ANÁLISIS DE RESULTADOS

Figure 3.31 shows a short length of I-section beam. The section had been removed from a wrought iron railway bridge in Llangamarsh Wells in South Wales and is typical of many bridges throughout the United Kingdom. The beam is approximately 2.3 m in length and 0.9 m in depth. The length of the beam is insufficient to investigate it’s low frequency ‘bending’ behaviour in the frequency range of interest, however the depth is sufficient for investigating it’s high frequency ‘in-plane’ behaviour. The web has a thickness of 0.01 m. The beam has flanges on each end of the web, making up the I-section. The upper flange is 0.45 m wide with a thickness of 0.03 m. The lower flange is 0.57 m wide and 0.03 m thick. The beam was supported at each end on two wooden blocks. It can also be seen in

Figure 3.31 that the beam’s cross-section is not homogeneous along its length, unlike the finite element models studied in Sections 3.1 and 3.2. There are lumps of wrought iron welded to the bottom flange at one end of the beam and a cross-member connecting the upper and lower flanges near the centre of the beam. Many years of weathering also means that the beam is in an advanced state of deterioration.

In order to validate the model for the driving point mobility of an I-section beam derived in Sections 3.3 to 3.6, mobility measurements were performed on the I-section beam.

Figure 3.31.A short length of wrought iron I-section beam removed from a railway bridge in Llangamarsh Wells in South Wales.

3.7.1. Measurement method

The beam was excited by at a point directly above the beam web using an impact hammer. The response to the impact excitation was measured using an accelerometer located as close as possible to the excitation. The force and response of six to eight hammer taps were recorded to provide some averaging and to reduce the effect of noise in the final result. The driving point accelerance was calculated using an FFT analyser. To obtain a spatial average of the accelerance, the test was performed at five points along the length of the beam and the average of the five results was taken. Finally the accelerance was integrated once to give the driving point mobility Y(f) and converted to one-third octave bands to provide a frequency- averaged result.
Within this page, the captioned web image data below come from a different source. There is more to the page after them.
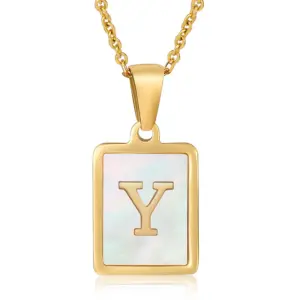 Gold / Y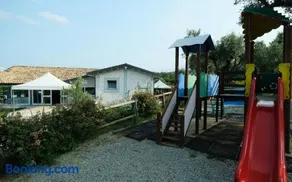 Agriturismo l'Ulivo - Image 4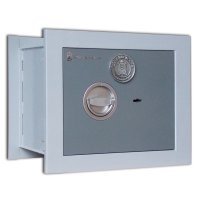 Сейф встраиваемый Muller Safe Frankfurt 30000 S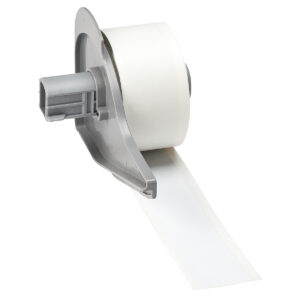M7C-1000-595-WT M710 LABEL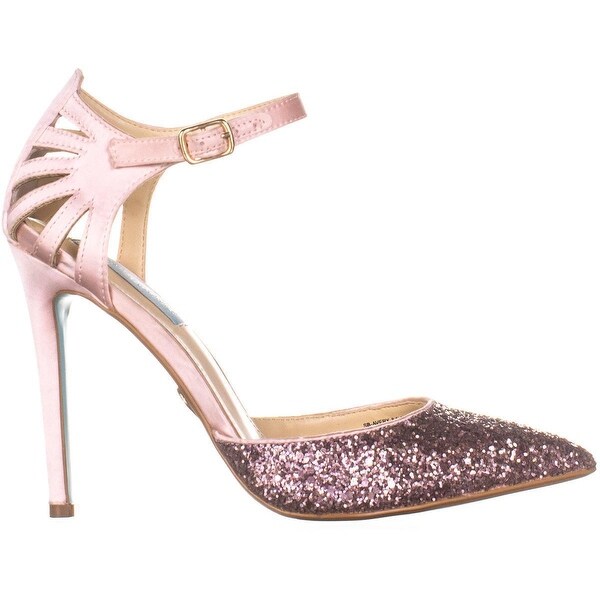 betsey johnson avery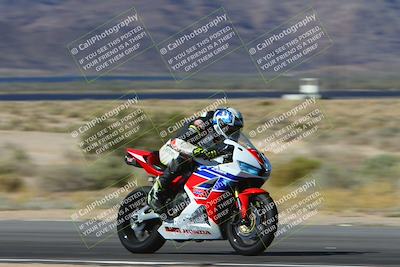 media/May-11-2024-SoCal Trackdays (Sat) [[cc414cfff5]]/5-Turn 8 Exit Speed Pans (915am)/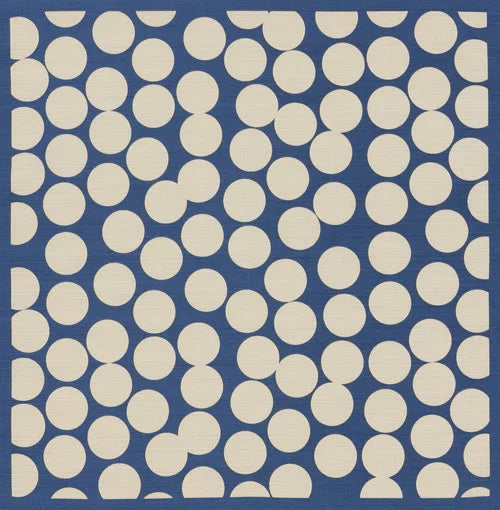 50cm Furoshiki | Dot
3.7.2. Measurement results and discussion.

Figure 3.32 shows the real part of the driving point mobility measured on the bridge beam plotted in one-third octave bands between 600 Hz and 8000 Hz. Results are not plotted below 600 Hz due to signal-to-noise problems. The high mass and high bending stiffness of the beam studied meant that it was difficult to excite the beam with sufficient energy at low

frequency. Results for lower frequencies may have been achieved using an impact hammer with higher mass or a softer tip than the one used in this experiment, but the mobility of the beam at high frequencies is of most interest here.

Also plotted in Figure 3.32 is the predicted real part of the combined mobility of the flange and web plates according to equation (3.11). This result is plotted from approximately 1 kHz (the prediction of the occurrence of the transitional mode according to equation (3.27) for this case) up to 10 kHz. The measured mobility fluctuates around the predicted mobility in this region. The fluctuations were also seen in the finite element results for the flanged beams in Section 3.2.2 and are likely to be due to coupling between the flange-flapping modes and the web compression modes of the beam. The predicted mobility provides a good approximation of the frequency-averaged real part of the driving point mobility in this region.

Using the transitional mode as a marker, the mobility for the transitional range (section 3.4) increasing with the square of frequency up to the transitional mode has also been plotted in Figure 3.32. Although there is little measurement data in this range it can be seen that this result is consistent with the frequency-averaged mobility in this region. Furthermore the prediction of the transitional mode according to equation (3.27) is consistent with the behaviour seen in the measured results.

bridge beam; −−, calculated using equations developed in this section.

3.8. SUMMARY

By comparison with Finite Element results it has been shown that the Timoshenko beam formulation considered in the last chapter is appropriate for low frequencies but at high frequencies local deformation of the beam has to be taken into account. Depending on the depth of the beam these effects can commence as low as 200 Hz (Janssens & Thompson, 1996) although for the 1 m deep beams considered here the lower limit of such effects is about 1 kHz. Models for the various phenomena have been developed to allow physical understanding and these have been implemented in simple formulae.

In modelling bridge noise the coupled beam formulation of Chapter 2 can be used up to and including the decoupling frequency (usually well below 1 kHz) and the improved beam mobilities can be used at higher frequencies.

A summary of the equations needed to model the mobility of an I-section beam throughout the full frequency range is shown in Bewes, Thompson & Jones (2003).